The application process relies primarily on how a university addresses the five “E’s”: engineering, education, encouragement, enforcement, and evaluation and planning. The five E’s relate to how a university has improved the bicycling experience on its campus. The bronze level Texas Tech earned means the university has taken steps in addressing all five, especially toward one or two E’s.

 

Craig Cotton serves as transportation demand manager for Texas Tech’s Transportation and Parking Services. His job involves monitoring alternative transportation on campus, including the bicycling system.

 

“We have come a long way in a short time,” Cotton said. “When we first started focusing on the bicycle system about four years ago, we had three miles of on-street bike lanes. That has now blossomed into the three miles of on-street bike lanes and 60 miles of shared use paths with the implementation of our free-range policy, which allows bicyclists to ride on most sidewalks. Four years ago we had parking capacity for about 6,000 bikes. We now have bike rack space for around 8,000 bikes.”

 

Polcari serves as the Student Government Association’s director of outreach, and having the League of American Bicyclists name Texas Tech a BFU became his top priority.

 

“David really spearheaded this application process,” Cotton said. “It was his motivation to submit the application that really got the ball rolling. It’s because of students just like him that make Texas Tech the great university that it is.”

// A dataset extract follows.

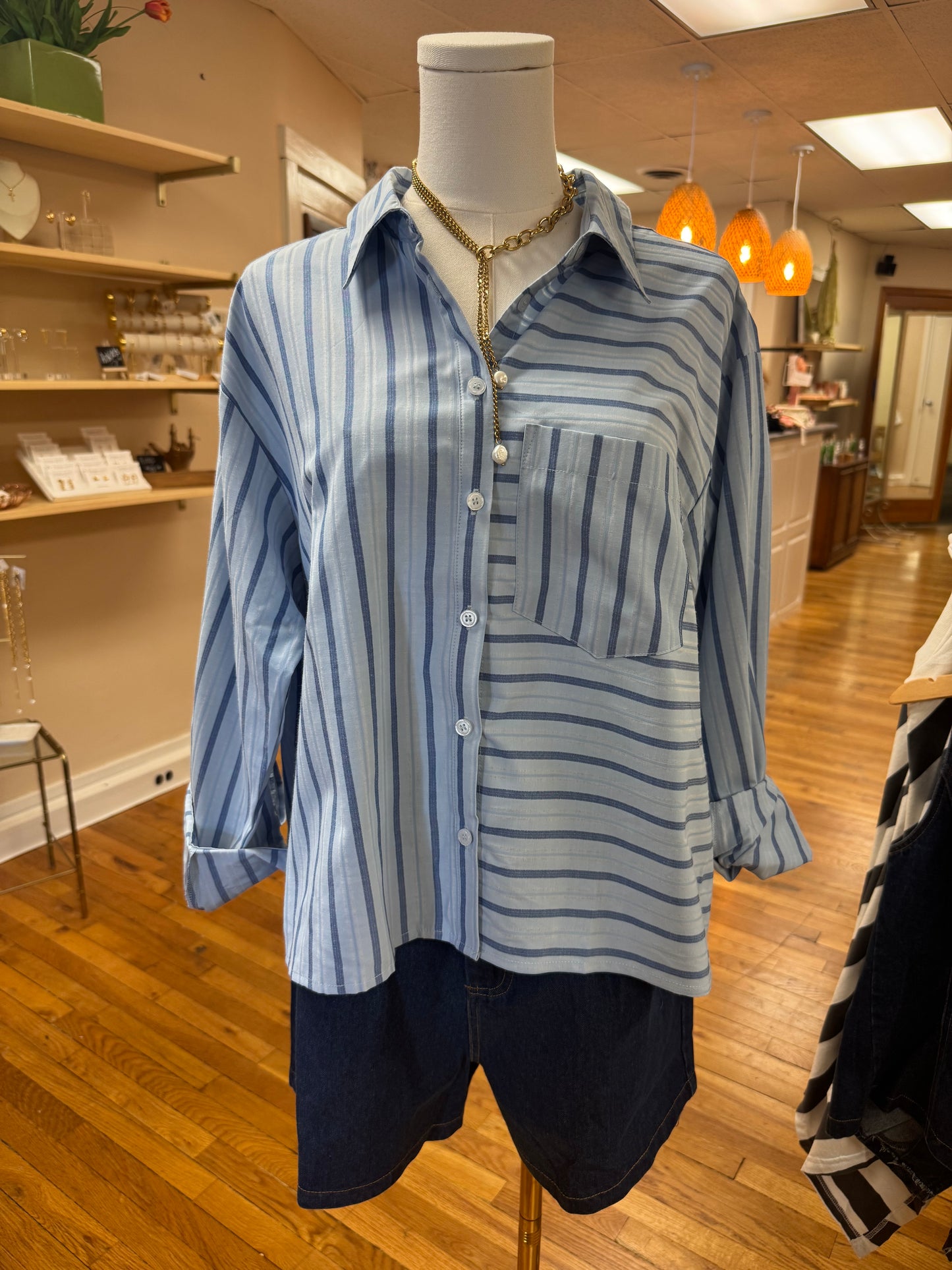 Missy Striped Blue Button Down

The free-range campus rules, bicycle lanes, air stations, and bicycle parking areas provided support in the five E’s, as did the Outdoor Pursuits Center’s Bike Shop, Bike Tech and bicycle rental program, and the Texas Tech Police Department’s bicycle enforcement.

 

“We have done in four years what it has taken some of our peers 20 years to accomplish,” Cotton said. “We are nowhere close to done and have many things yet to achieve, but this is a great certification bringing to light all of our hard work.”

 

“As our Bicycle Friendly University program grows, the promise for a more Bicycle Friendly America does, too,” said Andy Clarke, President of the League of American Bicyclists. “Colleges and universities propel our leaders of the future, and more and more of those students are choosing bicycles as their transportation option of choice. We commend universities, like Texas Tech, who are leading the way to a healthier, more sustainable future.”

 

There are now 75 BFUs in 32 states and Washington, D.C. The Bronze BFU award recognizes Texas Tech’s commitment to improving conditions for bicycling through investment in bicycling promotion, education programs, infrastructure and pro-bicycling policies.

 

The program provides a roadmap to building a Bicycle Friendly University, and the application has become a rigorous and educational tool. The four levels of the award—platinum, gold, silver and bronze—provide an incentive for universities to continuously improve.